TASK TO COMPLETE —
Among the lines below, output only those between the line holding "High Quality Luxury" and the line holding "Zlatý tenisový náramok", inclusive, exactly as written and with no pictures.

DATA EXTRACTS —
___

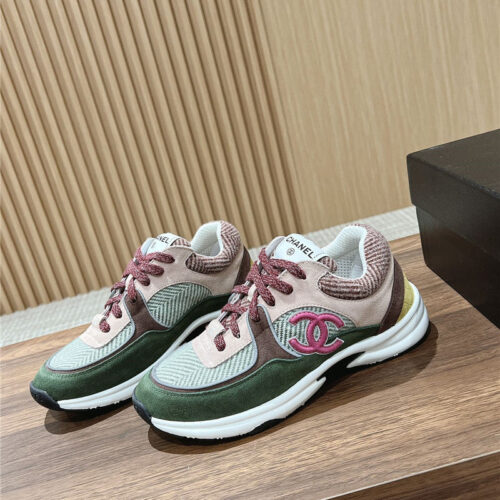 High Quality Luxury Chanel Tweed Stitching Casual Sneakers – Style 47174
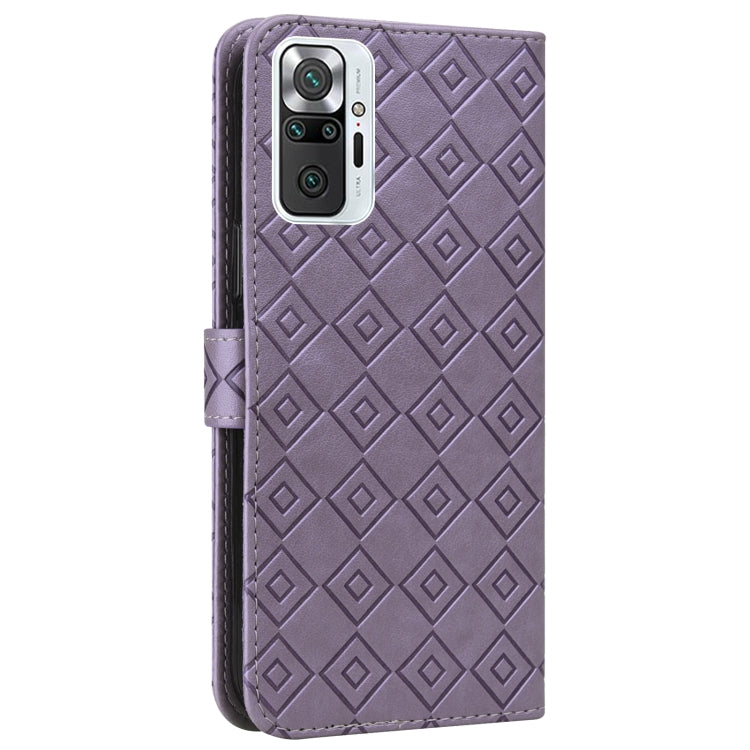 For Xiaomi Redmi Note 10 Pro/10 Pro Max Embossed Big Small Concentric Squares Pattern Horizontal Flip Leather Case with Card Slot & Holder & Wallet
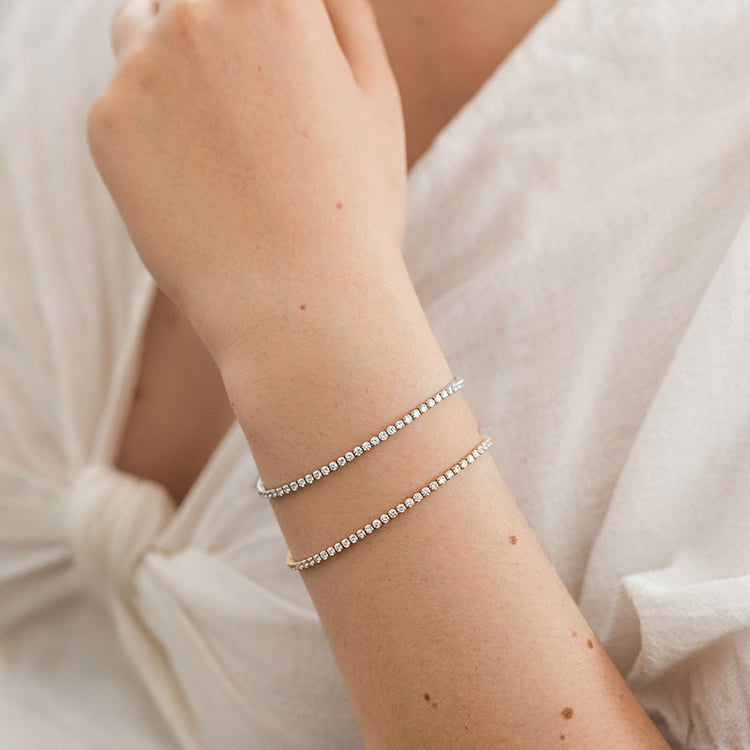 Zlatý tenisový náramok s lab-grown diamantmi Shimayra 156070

___

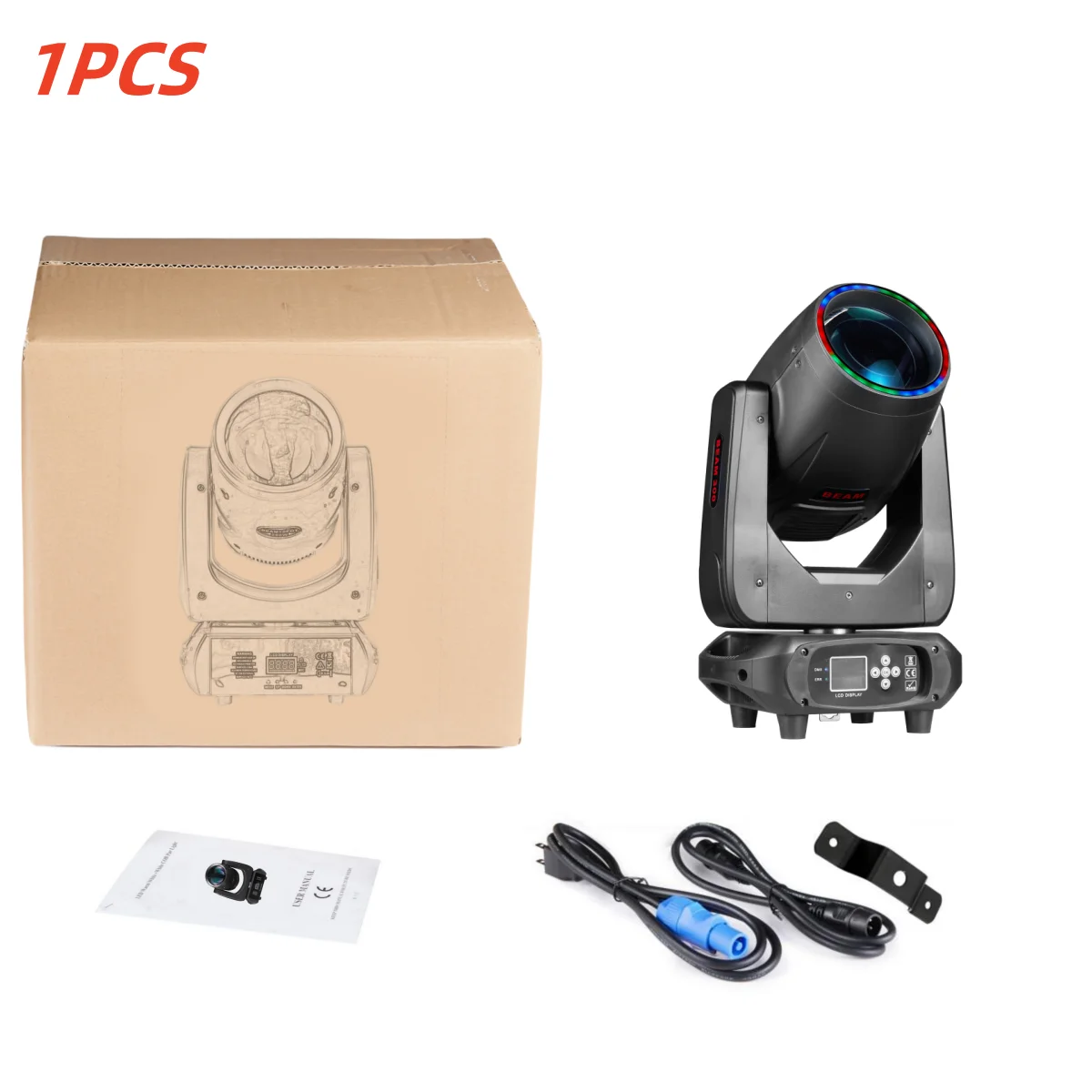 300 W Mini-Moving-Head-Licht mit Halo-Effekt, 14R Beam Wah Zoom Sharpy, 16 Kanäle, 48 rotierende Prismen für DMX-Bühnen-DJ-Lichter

___

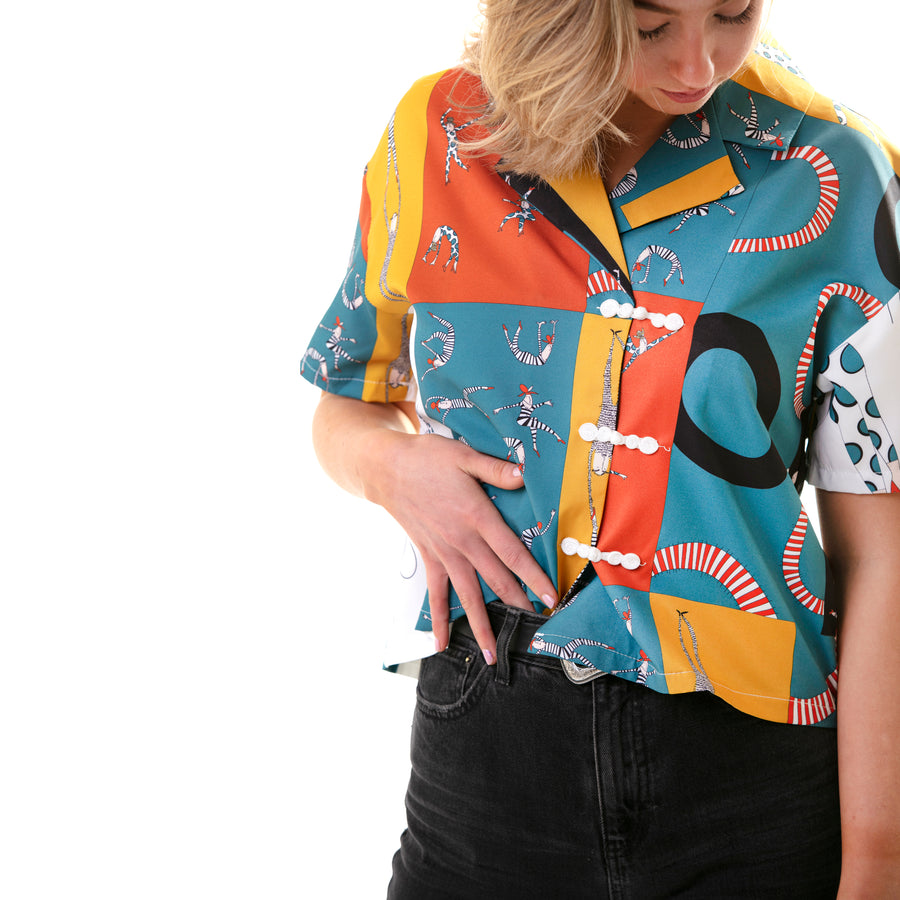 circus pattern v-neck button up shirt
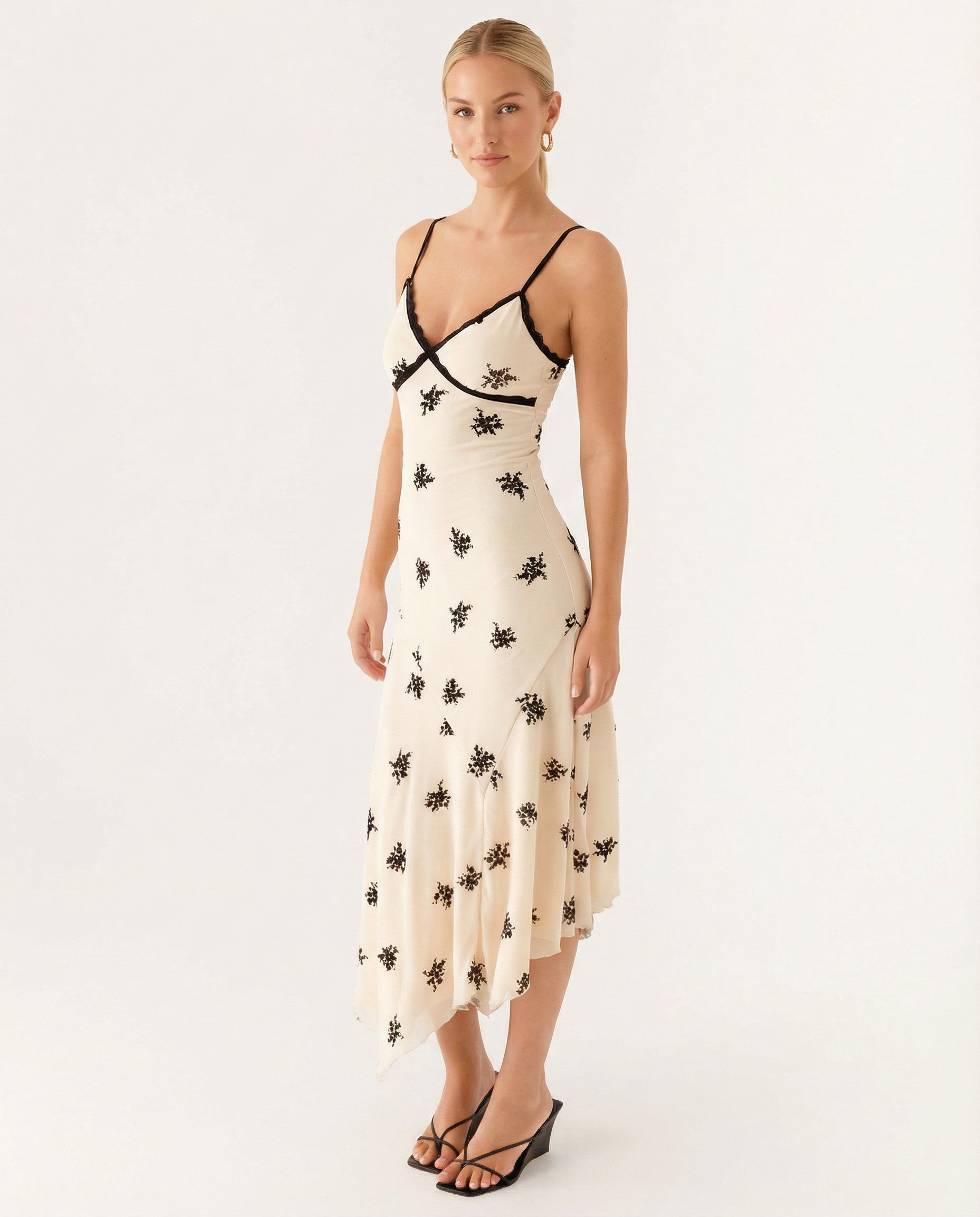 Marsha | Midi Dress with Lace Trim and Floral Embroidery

___

TASK RESULT —
 High Quality Luxury Chanel Tweed Stitching Casual Sneakers – Style 47174
 For Xiaomi Redmi Note 10 Pro/10 Pro Max Embossed Big Small Concentric Squares Pattern Horizontal Flip Leather Case with Card Slot & Holder & Wallet
 Zlatý tenisový náramok s lab-grown diamantmi Shimayra 156070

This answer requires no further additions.